L'ancien ministre Faouzi Ben Abderrahman a réagi, samedi 6 septembre 2025, à la polémique suscitée par une proposition de loi déposée au Sénat américain concernant la situation en Tunisie. Dans un long statut publié sur les réseaux sociaux, il a tenu à relativiser la portée de cette initiative, qu'il qualifie de « tempête dans une tasse de thé ». Selon Ben Abderrahman, quatre sénateurs, issus du camp minoritaire, ont présenté depuis le 26 juin 2025 une résolution (n°310) à la commission des relations étrangères du Sénat. Intitulée « Reconnaître le leadership de la Tunisie dans le printemps arabe et exprimer son soutien à l'attachement aux principes et traditions démocratiques », cette résolution reprend en grande partie un texte similaire (n°260) déjà déposé en juin 2023, sans avoir été adopté. « Ses chances de passer sont infimes, à peine 4 % selon des sites spécialisés comme Govtrack.us », souligne-t-il, précisant que la nature du texte, l'identité de ses porteurs et le contexte politique américain jouent tous contre son adoption. Même en cas d'adoption hypothétique, l'ancien ministre rappelle que le président américain dispose de la latitude de ne pas valider la résolution, sauf si elle recueille une majorité des deux tiers au Sénat.

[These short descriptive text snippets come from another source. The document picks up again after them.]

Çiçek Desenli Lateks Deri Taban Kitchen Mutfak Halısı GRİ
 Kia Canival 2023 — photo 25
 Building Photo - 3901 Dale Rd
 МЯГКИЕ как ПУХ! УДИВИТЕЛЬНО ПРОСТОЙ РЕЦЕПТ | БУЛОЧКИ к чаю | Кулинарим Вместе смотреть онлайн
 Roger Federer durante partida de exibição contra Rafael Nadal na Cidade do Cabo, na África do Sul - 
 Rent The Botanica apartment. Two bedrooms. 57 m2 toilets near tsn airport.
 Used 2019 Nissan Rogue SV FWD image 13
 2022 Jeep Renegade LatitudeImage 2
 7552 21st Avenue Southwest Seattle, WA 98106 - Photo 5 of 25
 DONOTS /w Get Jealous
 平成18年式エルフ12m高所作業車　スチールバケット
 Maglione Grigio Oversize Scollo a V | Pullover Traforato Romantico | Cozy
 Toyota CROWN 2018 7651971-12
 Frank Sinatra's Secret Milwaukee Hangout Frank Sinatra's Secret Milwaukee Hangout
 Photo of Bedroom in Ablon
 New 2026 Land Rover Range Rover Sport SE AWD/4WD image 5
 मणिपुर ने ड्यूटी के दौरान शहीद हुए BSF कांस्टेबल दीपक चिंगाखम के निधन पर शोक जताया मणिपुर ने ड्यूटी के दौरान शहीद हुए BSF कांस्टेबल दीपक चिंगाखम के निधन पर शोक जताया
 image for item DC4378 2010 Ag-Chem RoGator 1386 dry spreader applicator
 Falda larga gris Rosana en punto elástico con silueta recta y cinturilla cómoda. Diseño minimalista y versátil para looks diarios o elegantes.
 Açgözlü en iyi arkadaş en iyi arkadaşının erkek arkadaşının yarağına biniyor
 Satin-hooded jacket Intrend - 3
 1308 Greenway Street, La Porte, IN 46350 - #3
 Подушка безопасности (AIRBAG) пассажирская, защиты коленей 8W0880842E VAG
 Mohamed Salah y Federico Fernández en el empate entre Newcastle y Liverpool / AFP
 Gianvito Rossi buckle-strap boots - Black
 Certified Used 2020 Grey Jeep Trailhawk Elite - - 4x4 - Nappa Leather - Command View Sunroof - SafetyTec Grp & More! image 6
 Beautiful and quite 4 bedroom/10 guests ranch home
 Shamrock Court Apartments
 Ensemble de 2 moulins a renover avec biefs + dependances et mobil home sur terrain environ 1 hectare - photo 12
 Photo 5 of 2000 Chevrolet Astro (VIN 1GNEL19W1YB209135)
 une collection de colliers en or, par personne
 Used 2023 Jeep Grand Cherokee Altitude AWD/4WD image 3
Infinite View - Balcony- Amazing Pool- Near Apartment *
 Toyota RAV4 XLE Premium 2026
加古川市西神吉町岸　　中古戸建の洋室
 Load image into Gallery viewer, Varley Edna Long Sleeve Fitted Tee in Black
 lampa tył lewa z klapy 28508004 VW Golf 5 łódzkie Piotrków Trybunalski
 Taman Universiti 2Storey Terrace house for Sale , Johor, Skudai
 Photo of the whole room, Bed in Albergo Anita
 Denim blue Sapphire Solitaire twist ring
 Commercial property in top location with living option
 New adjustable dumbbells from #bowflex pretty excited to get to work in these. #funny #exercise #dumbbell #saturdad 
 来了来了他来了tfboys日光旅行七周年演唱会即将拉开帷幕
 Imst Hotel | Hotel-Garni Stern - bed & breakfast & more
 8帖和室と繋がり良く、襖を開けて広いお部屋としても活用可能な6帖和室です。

Une éventualité qu'il juge « impossible dans la conjoncture actuelle », à moins d'une volonté politique explicite de la Maison Blanche et d'un soutien bipartisan, ce qui est loin d'être le cas.
Faouzi Ben Abderrahman a également profité de son intervention pour pointer du doigt ce qu'il appelle « l'attitude constante des Etats-Unis à s'arroger le droit de juger la situation interne d'autres pays, en se posant en gendarme du monde ». Une posture qui, selon lui, s'accompagne d'un mépris récurrent pour la légalité internationale et les institutions onusiennes. L'ancien ministre a par ailleurs rappelé une contradiction : « On ne peut pas applaudir quand les membres du Congrès se lèvent pour ovationner le peuple tunisien en janvier 2011, puis rejeter toute critique aujourd'hui sous prétexte d'ingérence ». Pour lui, l'éloge comme le reproche constituent deux formes d'ingérence et doivent être traités avec la même cohérence.
Au-delà de la polémique, Faouzi Ben Abderrahman estime que le problème majeur n'est pas ce qui se passe à Washington mais bien à Tunis. Il invite à poser les vraies questions : « Pourquoi avoir accepté si facilement le recul démocratique ? Pourquoi tolérer une Constitution rédigée par une seule personne ? Pourquoi brader les libertés fondamentales et soumettre la justice ? Pourquoi renouer avec la peur et l'extorsion politique ? » Pour lui, « la véritable souveraineté consiste à ouvrir un débat franc entre Tunisiens, sans diabolisation, autour des enjeux démocratiques ». Et de conclure : « Quand le front intérieur est uni, même dans la différence, aucune puissance étrangère n'ose critiquer ou dénigrer ».